Determines if the string source starts with the text searchText.

14.17. string-join

string-join(values as List, separator as String) as String

Returns a String created by concatenating the string values of the members of list (applying to-string(), where necessary) using separator as the separator string. If the value of separator is the zero-length string, then the members of list are concatenated without a separator.

If the value of list is an empty List, the zero-length string is returned.

Example 5.68. 

string-join( { "a", "b", "c" }, ", " )

returns "a, b, c"

string-join( { "a", "b", "c" }, "" )

returns "abc"

string-join( { "a", { b1, b2, b3}, c, 5.123 }, "/" )

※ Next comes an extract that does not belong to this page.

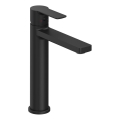 Ravak X070489 - SOLAR 23 cm valamusegisti, must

returns "a/b1 b2 b3/c/5.123". Note how the to-string() function implicitly called on the second list member (which itself is a list) creates a string separated by one whitespace character.


14.18. string-length

string-length(theString as String) as Numeric

Returns the length in characters of the passed string argument.

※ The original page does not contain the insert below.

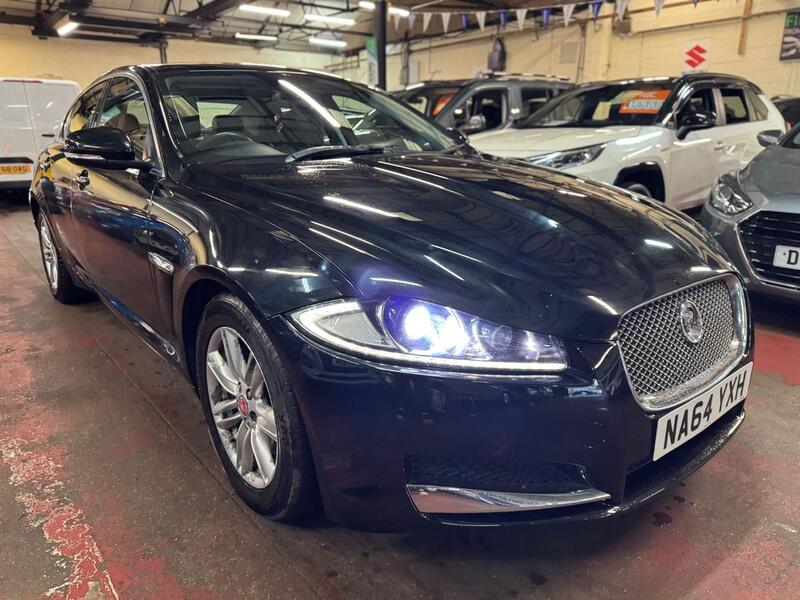 JAGUAR XF 2.2 d Luxury 2015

14.19. string-to-codepoints

string-to-codepoints(s as String) as List

Returns the List of Unicode code points (as Numerics) that constitute the String s. If s is a zero-length string, an empty List is returned.

14.20. substring

substring(sourceString as String, startingLoc as Numeric) as String

Returns the portion of the value of sourceString beginning at the position indicated by the value of startingLoc. The characters returned do not extend beyond sourceString. If startingLoc is zero or negative, only those characters in positions greater than zero are returned.

14.21. substring

substring(sourceString as String, startingLoc as Numeric, length as Numeric) as String

Returns the portion of the value of sourceString beginning at the position indicated by the value of startingLoc and continuing for the number of characters indicated by the value of length. The characters returned do not extend beyond sourceString. If startingLoc is zero or negative, only those characters in positions greater than zero are returned.

14.22. substring-after

substring-after(text as String, afterThis as String) as String

Returns the substring from text that follows the first occurrence of afterThis. If text does not contain afterThis, it returns the empty string.

14.23. substring-before

substring-before(text as String, beforeThis as String) as String

Returns the substring from text that precedes the first occurrence of beforeThis. If text does not contain beforeThis, it returns the empty string.

14.24. substring-tail

substring-tail(sourceString as String, length as Numeric) as String

Returns the last length characters of sourceString. When length is greater than the size of sourceString, the empty string is returned.

Example 5.69. 

substring-tail( "Hello", 2 )

returns "lo".

substring-tail( "abc", 5 )

returns the empty string.


14.25. substring-tail

substring-tail(sourceString as String, startingLoc as Numeric, length as Numeric) as String

Returns length characters (in direction to the beginning) of sourceString, starting at the startingLocth last character of sourceString. When startingLoc is smaller than 1, it is set to 1. When startingLoc is greater than the size of sourceString, the empty string is returned. When length is less or equal than zero, the empty string is returned. When length is greater than there are characters to the including and towards the beginnging of startingLoc, only the actually available characters are returned.

Example 5.70. 

substring-tail( "Hello", 2, 2 )

returns "ll".

substring-tail( "abc", 2, 5 )

returns "ab".

substring-tail( "abc", 4, 2 )

returns "".


14.26. upper-case

upper-case(text as String) as String

Returns the passed string converted to all upper-case. The result is the same as if calling Java's java.lang.String.toUpperCase() on the source.